WORK TASK >> Nothing but the lines from the top of the records through the line with "Map of Djebel Fakra" should be returned, exactly, and without pictures.

===== SUPPLIED RECORDS =====

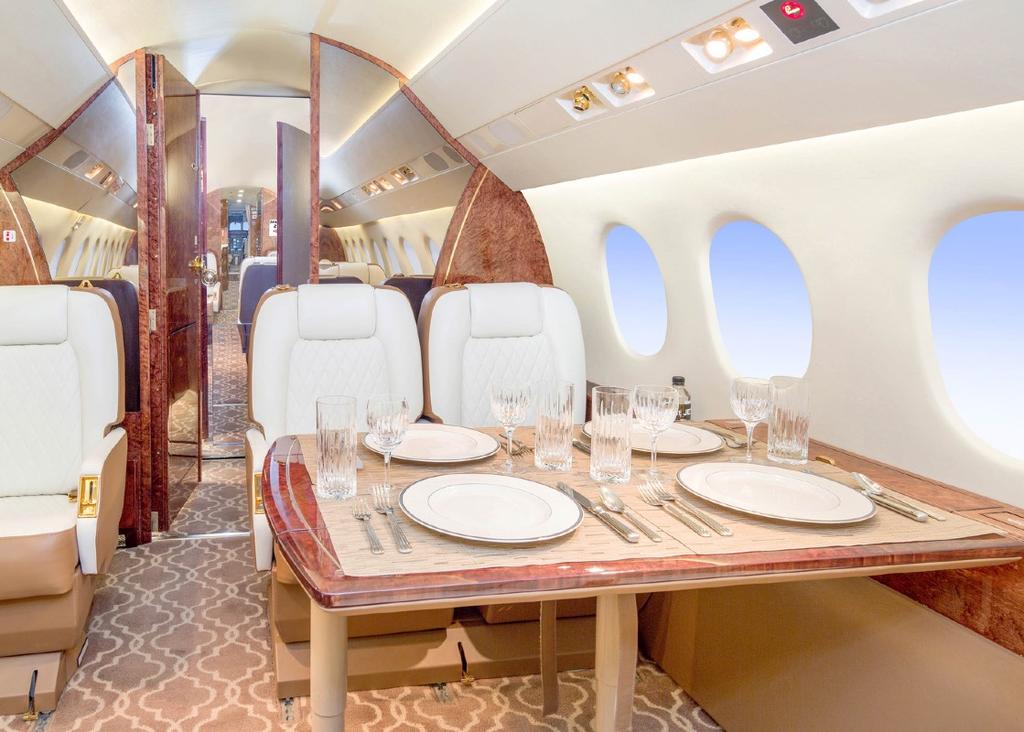 AIRCRAFT OVERVIEW AIRCRAFT HIGHLIGHTS Highly Desired Year of Manufacture: 2000 (or newer) Refurbished 2017 Accommodates 10 Passengers The Falcon 2000 delivers high-performance, wide-body, large-cabin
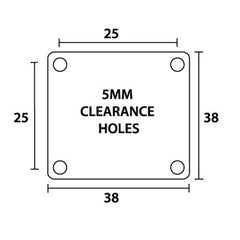 Richmond Rolling Solutions - S50BPK2 BRK SWIVEL PLATE 2PACK | 060FURNS50BPK2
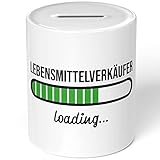 JUNIWORDS Spardose Sparbüchse, Lebensmittelverkäufer Loading (6205614)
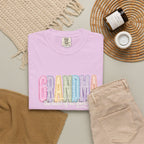 Grandma Floral Graphic T-Shirt — "Grandma, the heart of our family" Gift Tee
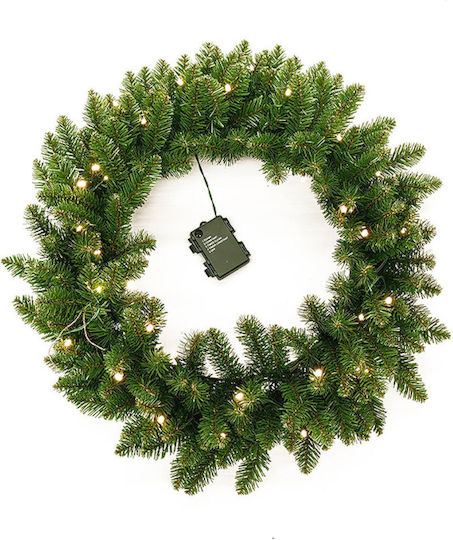 ArteLibre Weihnachtliche Girlande Beleuchtet Plastik 60x60cm 1Stück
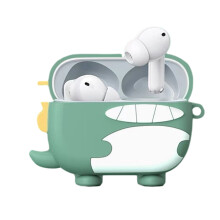 Cartoon Case voor Realme Buds T300 Mode-groene dinosaurus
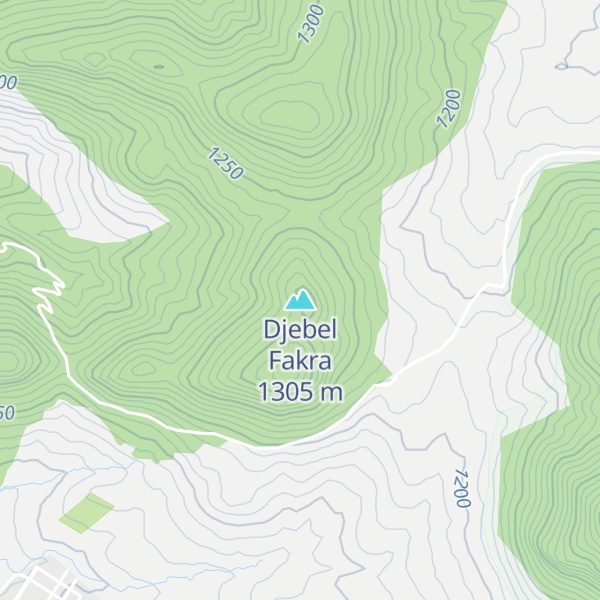 Map of Djebel Fakra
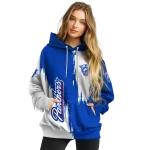 georgia state panthers splatter effect blue hoodie best selling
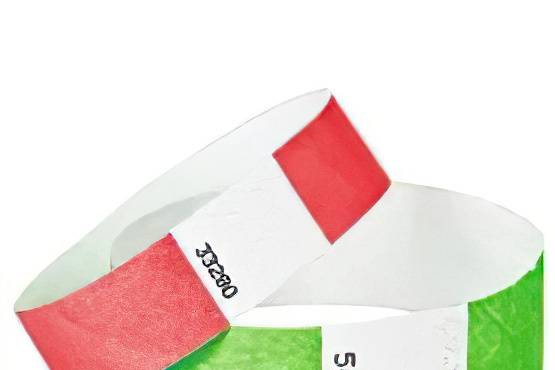 Tyvek wristbands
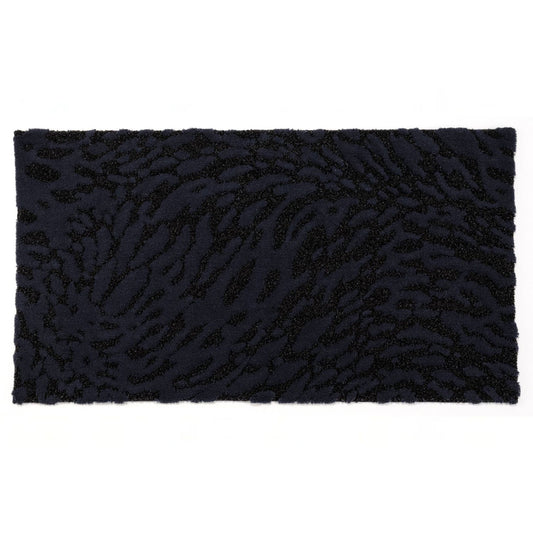 Abyss & Habidecor FLOW Inspired Egyptian Cotton Black Bathroom Rug - |VESIMI Design| Luxury Bathrooms and Home Decor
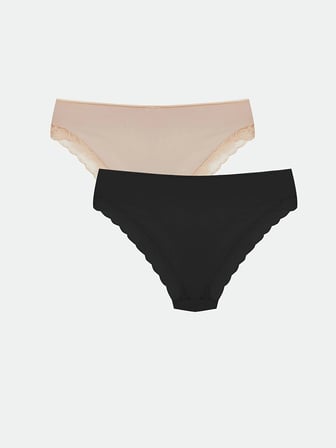 LCW DREAM Pembe Dantel Detaylı Bikini Külot 2'li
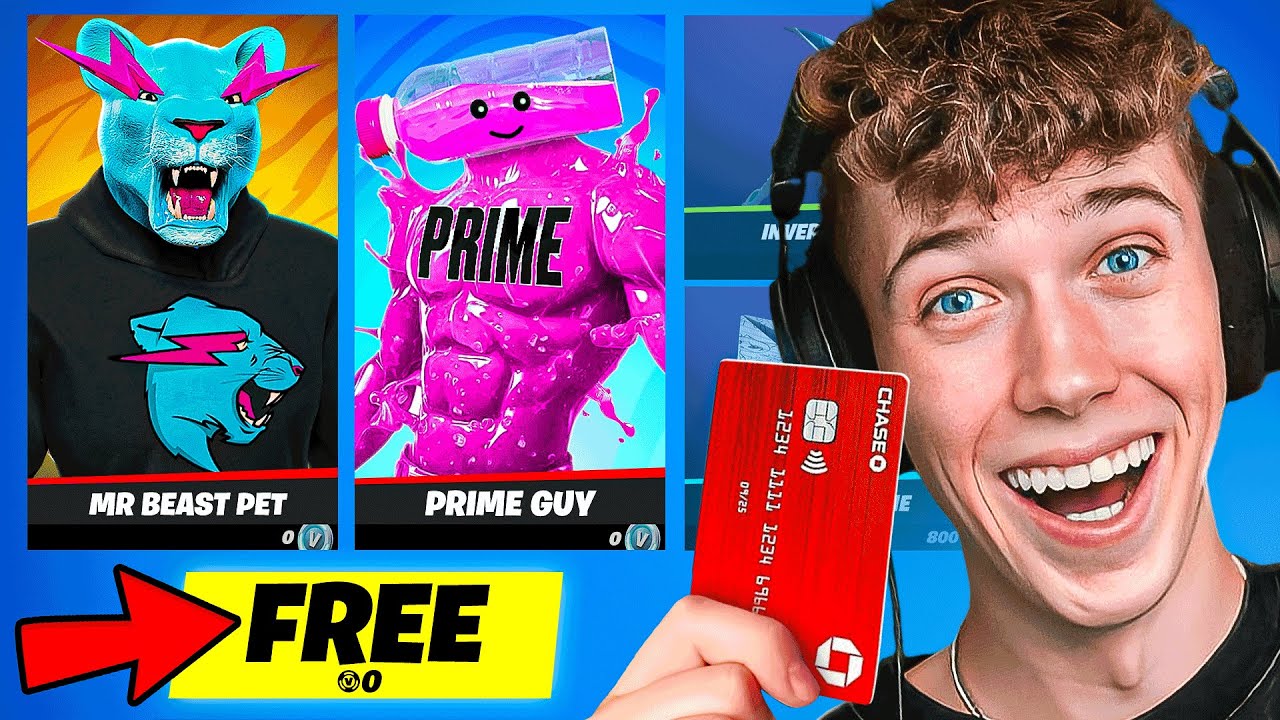 I Opened a FREE ITEMSHOP in Fortnite!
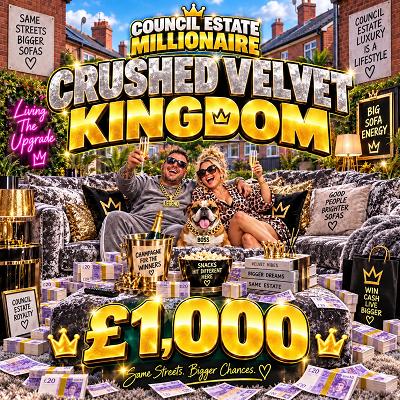 Crushed Velvet kingdom £1000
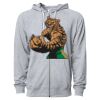 Icon Unisex Lightweight Loopback Terry Full-Zip Hooded Sweatshirt Thumbnail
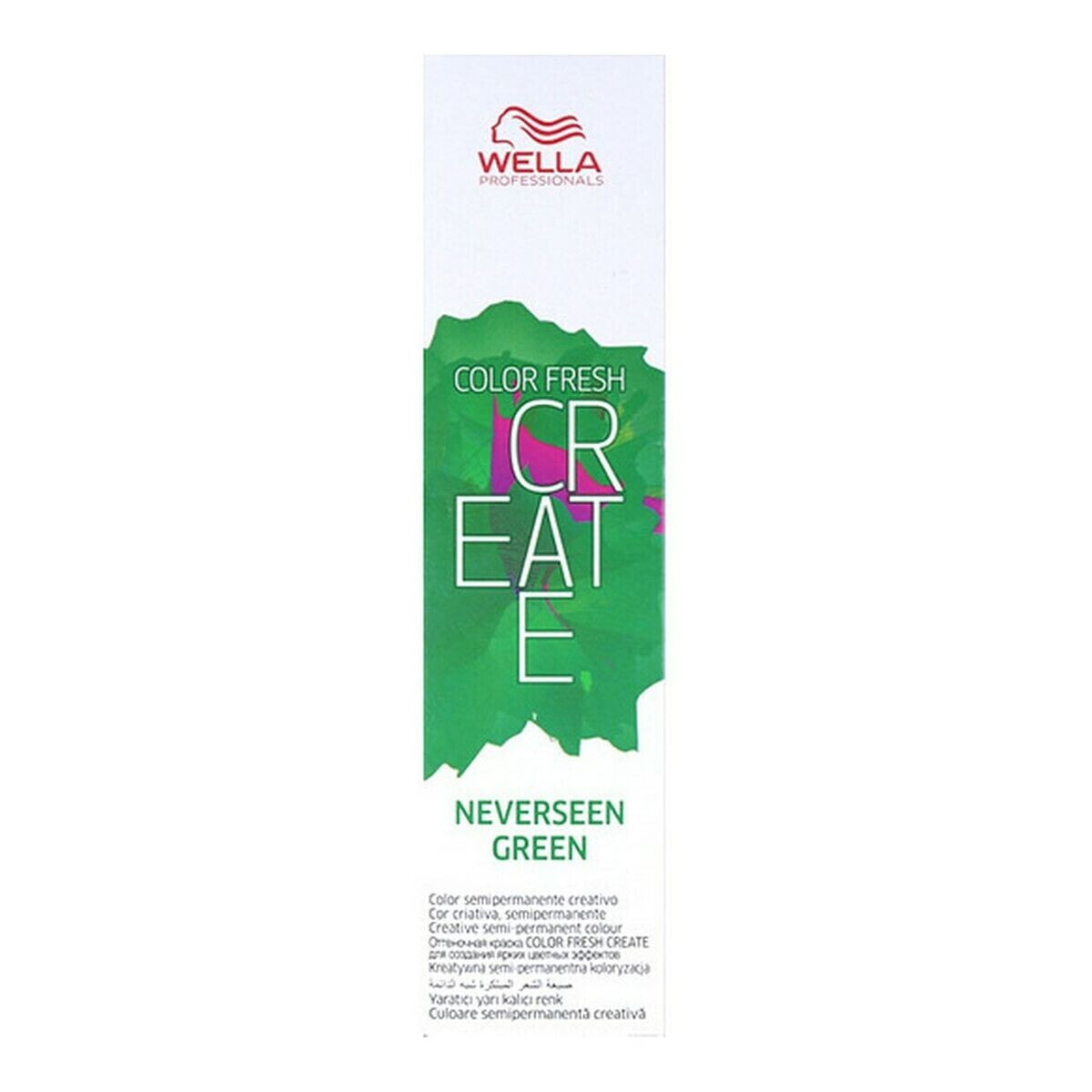 Краска полуперманентная Color Fresh Create Neverseen Wella Зеленый (60 ml)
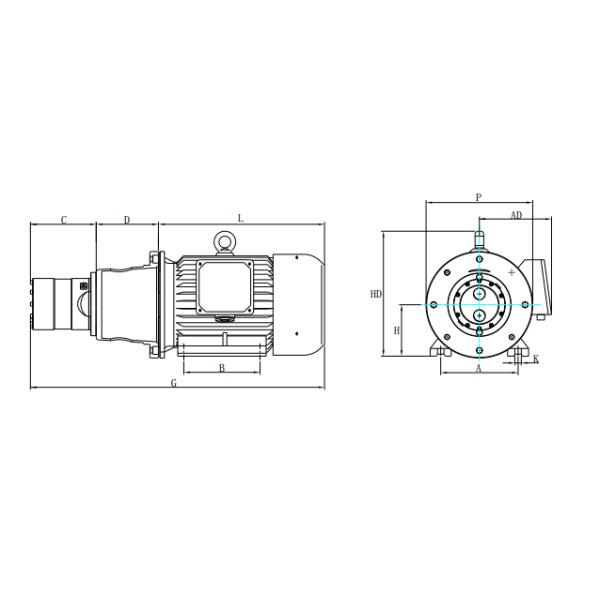 DHP 2.1 Axial Piston Pump (7.8kg, 80Bar) – High-Pressure Water Treatment Consumables for Industrial RO/Desalination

=====

ANSWER BELOW >>
 AIRCRAFT OVERVIEW AIRCRAFT HIGHLIGHTS Highly Desired Year of Manufacture: 2000 (or newer) Refurbished 2017 Accommodates 10 Passengers The Falcon 2000 delivers high-performance, wide-body, large-cabin
 Richmond Rolling Solutions - S50BPK2 BRK SWIVEL PLATE 2PACK | 060FURNS50BPK2
 JUNIWORDS Spardose Sparbüchse, Lebensmittelverkäufer Loading (6205614)
 Grandma Floral Graphic T-Shirt — "Grandma, the heart of our family" Gift Tee
 ArteLibre Weihnachtliche Girlande Beleuchtet Plastik 60x60cm 1Stück
 Cartoon Case voor Realme Buds T300 Mode-groene dinosaurus
 Map of Djebel Fakra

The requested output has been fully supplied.